Lorsqu'il écrivait un roman, Georges Simenon lissait ses phrases à l'infini, traquant les tournures difficiles et les imparfaits du subjonctif. Pascal Quignard, qui enveloppe les personnages de Villa Amalia de brumes toutes simenoniennes, ne souffrirait sans doute pas un si cruel usage du polissoir. Ce serait dépouiller son style de coquetteries qui en sont la matière. Ainsi l'oxymore marqueté dans une surprenante alternance imparfait/passé simple : «Il poussait une grille. Je m'approchai. Je m'approchais vite et lentement.» L'énumération chargée d'exprimer la saturation : «... les hommes égoïstes, libidineux, autoritaires, peureux, misérables». La maxime chère aux classiques : «Qu'est-ce qu'un homme sentimental ? Quelqu'un qui adore ne pas manger.»
Cousu d'audaces qui raviront l'amateur de procédés littéraires, Villa Amalia n'a cependant rien des textes érudits que l'auteur a quelquefois donnés à ses lecteurs. C'est un livre très narratif, par lequel on se laisse happer comme par un roman policier... Dès les premières pages de Villa Amalia, on sent qu'il va y avoir de la peur, des trahisons, du désespoir, de la peine, de la folie, des morts, des châtiments...

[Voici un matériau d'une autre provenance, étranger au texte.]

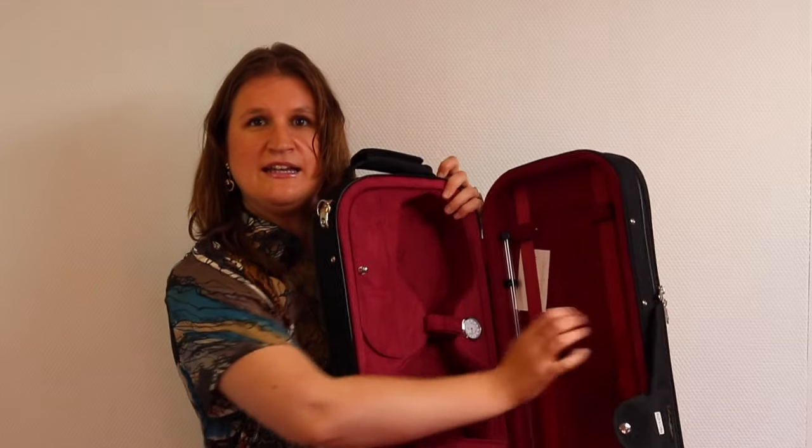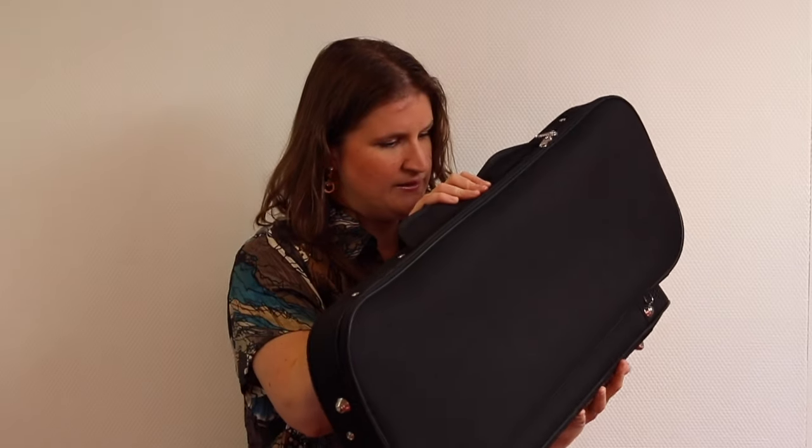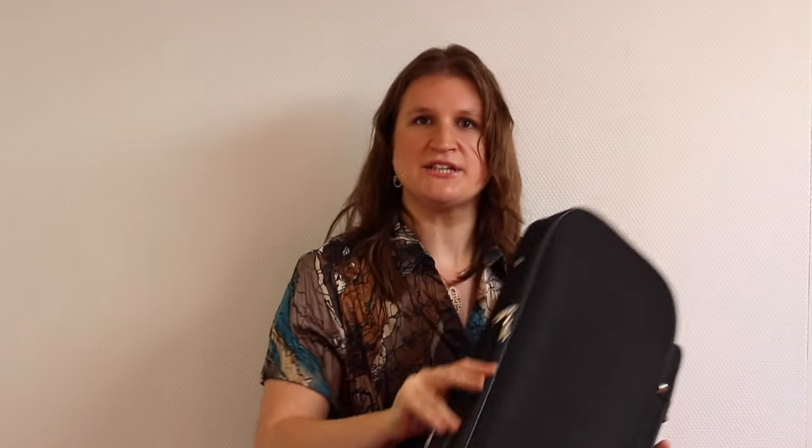How to measure it? There are hygrometers that can tell you if it is good, and most of them are in violin cases. Something between 40 and 60% humidity is normal and good. If it's less, then your room might be too dry for your violin.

«Toute vie est un processus de décomposition», écrivait certain romancier américain qui vécut à Paris dans les années 1920. L'écriture de Pascal Quignard s'emploie à le faire sentir sans que l'écrivain ait à le dire. A mesure que progresse son histoire, les phrases deviennent plus courtes, les paragraphes plus brefs. Aucun monologue intérieur, nulle introspection filandreuse. Les personnages ne s'inspectent pas, ils agissent. Les dialogues sans apprêt disent l'incommunicabilité des consciences....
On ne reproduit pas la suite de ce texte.